17 août 2020
Les peuples aiment bien renvoyer au passé le plus lointain les origines des situations présentes. Il en est ainsi des relations de la France avec le Liban ou au moins avec les maronites qui remonteraient aux croisades. On évoque ainsi une lettre de Saint Louis aux maronites dont l’inconvénient est d’avoir été écrite dans les années 1840.
Plus sérieuse est la prétention française d’exercer à partir du XVIIe siècle une protection sur les catholiques orientaux, dont les maronites, mais elle est largement fictive et les instructions diplomatiques rappellent régulièrement aux agents de ne pas s’immiscer dans les querelles entre Églises chrétiennes.
Ces catholiques ottomans, grâce à l’action des missionnaires européens, connaissent la réforme catholique d’après le concile de Trente et la question centrale devient la latinisation des rites. Les élèves venus des collèges romains sont les pionniers de la diffusion de la connaissance de la culture arabe dans l’Europe catholique. Quatre maronites ont été professeurs d’arabe et de syriaque au Collège de France au XVIIe siècle.
Mais ce sont les Druzes qui établissent pour la première fois l’idée d’une relation privilégiée avec la France en se faisant passer pour les descendants d’un groupe de croisés mené par le comte de Dreux.
La grande rencontre a lieu au XIXe siècle, surtout dans les années 1840, quand le protestant Guizot fait de la France la protectrice des chrétiens catholiques face aux Druzes protégés par la Grande-Bretagne. Dans les assemblées de la monarchie de Juillet, la droite catholique se pose en défenseur de ceux que l’on commence à appeler les « Français de l’Orient ».
En 1860, après de sanglants affrontements entre chrétiens et musulmans, Napoléon III envoie une armée au Liban, au nom de l’Europe et de ce que l’on pourrait définir comme un devoir d’ingérence.
Sous la IIIe République commençante, le français devient la langue de modernisation des communautés chrétiennes et musulmanes créant le bilinguisme libanais grâce à la mise en place d’un réseau dense d’écoles missionnaires catholiques et éventuellement protestantes (plus les écoles juives de l’Alliance israélite universelle). Le résultat est le développement d’une civilisation levantine de l’échange allant d’Alexandrie à Salonique et dont le Liban est le fleuron.

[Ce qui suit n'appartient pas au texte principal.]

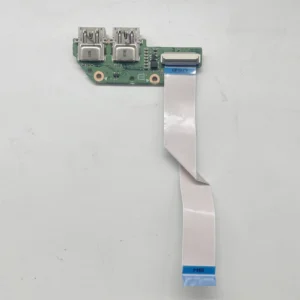 PLACA DA0P5DTB8B0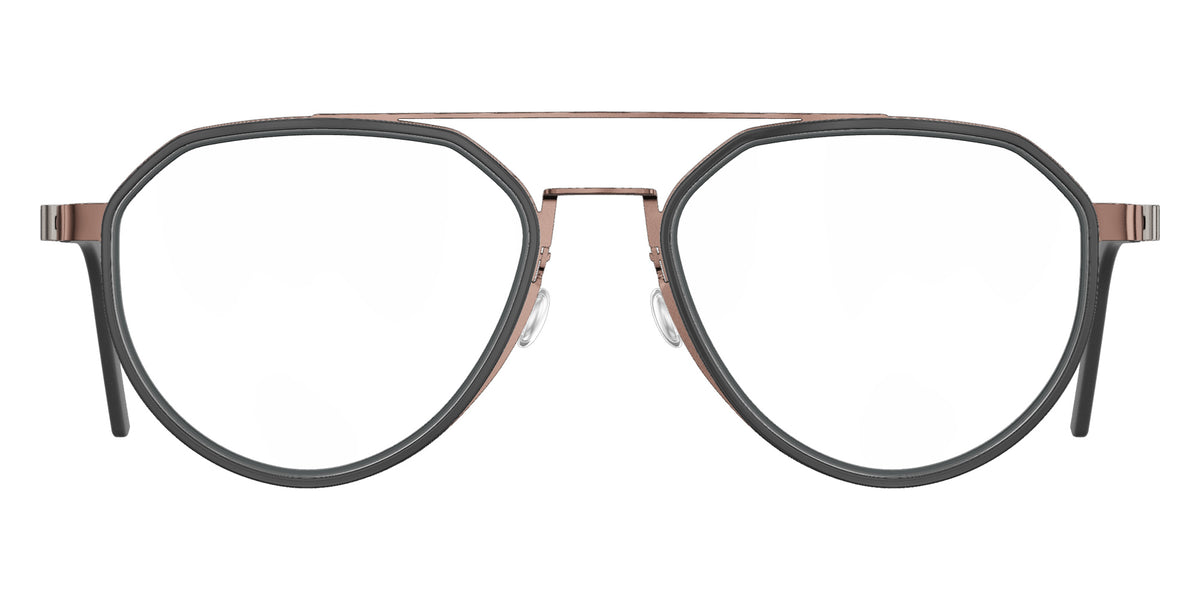 Lindberg 9745 53 - PU12 K24/GC82 P10 #id:lnd9745pu12k24gc82p10_s:280100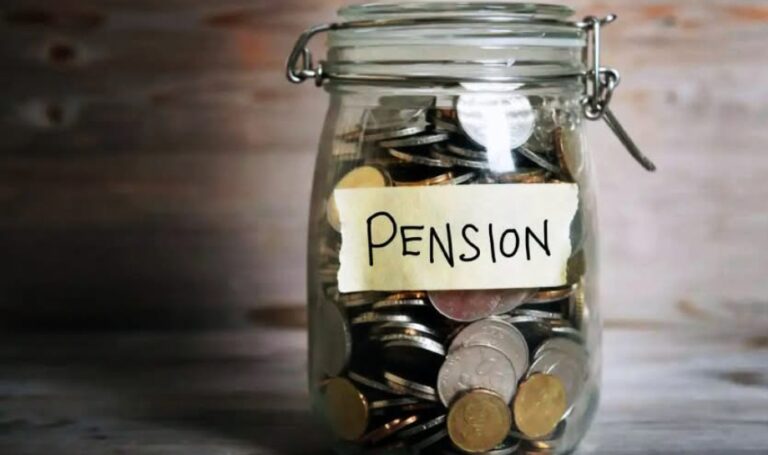 Over 96,000 Unorganised Workers in Jammu and Kashmir Enrolled Under PM Pension Scheme: Government of India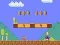 Spel Super Mario Bros: Road to Infinity aanlyn
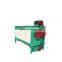 chilli powder making machine production line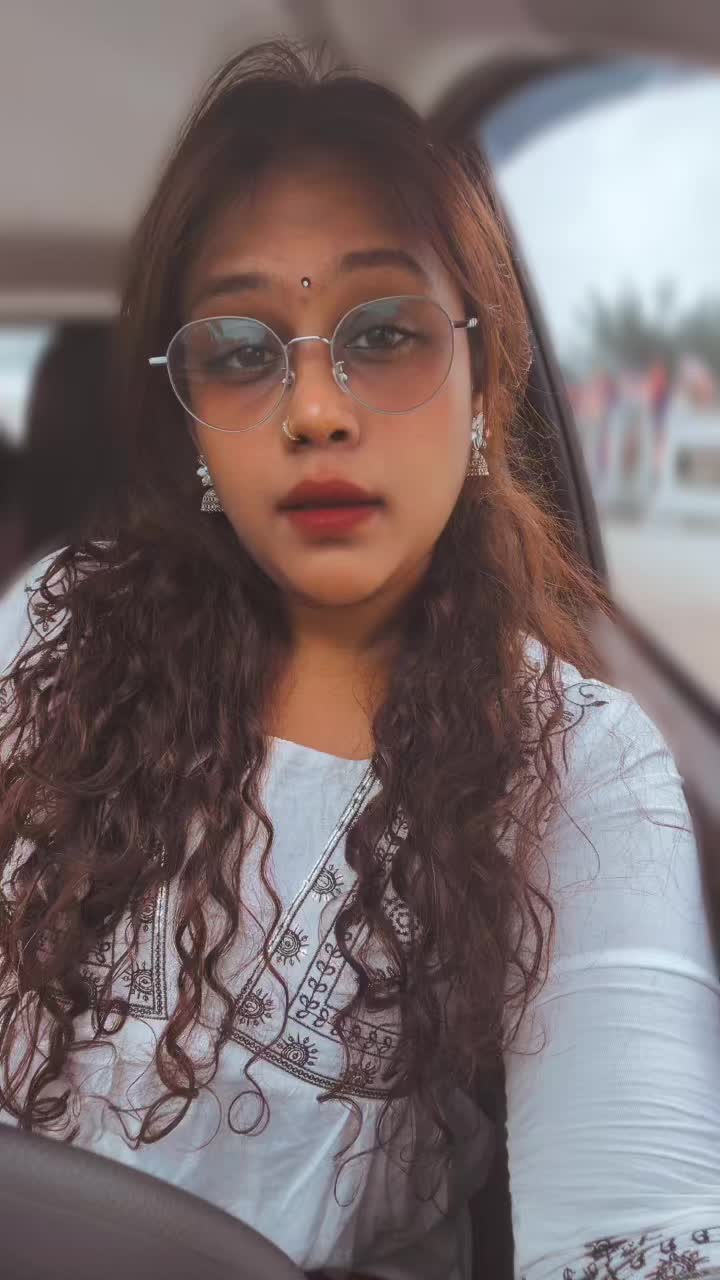 @Lxtchx12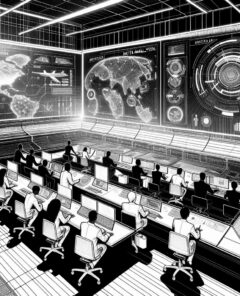 ai-pentagon-musk-ki-verteidigung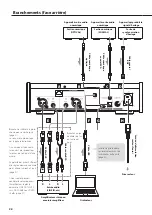 Preview for 36 page of Teac NT-505 User Manual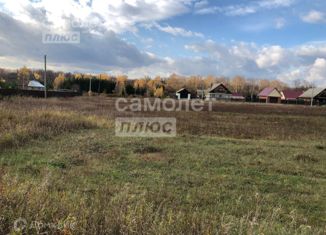 Продам земельный участок, 22 сот., село Ауструм, Школьная улица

Avec orgueil, les journalistes français parlent alors d’une « France du Levant ».
C’est pour maintenir cette position que la France bataille pour obtenir le mandat de la SDN sur la Syrie et le Liban au lendemain de la Première Guerre mondiale. L’État du Grand Liban est créé le 1er septembre 1920. Il deviendra la République libanaise en 1926.
Tout en s’appuyant sur les chrétiens, les Français œuvrent à intégrer les musulmans dans le nouvel État ce qui a pour conséquence de pérenniser la répartition des fonctions politiques et des emplois administratifs sur une base confessionnelle.
Après l’indépendance en 1945, la présence culturelle française s’amplifie encore avec des écoles et des universités francophones dont certaines sont habilitées à décerner des diplômes français. Politiquement, Paris travaille à maintenir une protection du pays dans la tourmente moyen-orientale d’où la vigueur de la réaction du général de Gaulle après l’attaque israélienne contre l’aéroport de Beyrouth en décembre 1968.
Durant les années de la guerre civile (1975-1990), la France multiplie les efforts de médiation entre les parties combattantes, intervient militairement dans certains épisodes et sera le lieu d’accueil de nombreux Libanais de toutes les confessions. Il existe ainsi aujourd’hui beaucoup de binationaux ou de descendants de Libanais dans la société française.
Politiquement, Jacques Chirac a réussi à construire une relation forte avec les musulmans sunnites, ce qui a été maintenu par ses successeurs. De même, les chiites libanais sont devenus des porteurs de la francophonie en particulier dans la diaspora d’Afrique de l’Ouest, mais aussi en Amérique du Nord où la culture française est devenue un trait d’union pour les Arabes venus du Maghreb comme du Levant.
Cette longue histoire fait que les Libanais ont une part d’identité française en eux et que les Français ne peuvent leur être étrangers.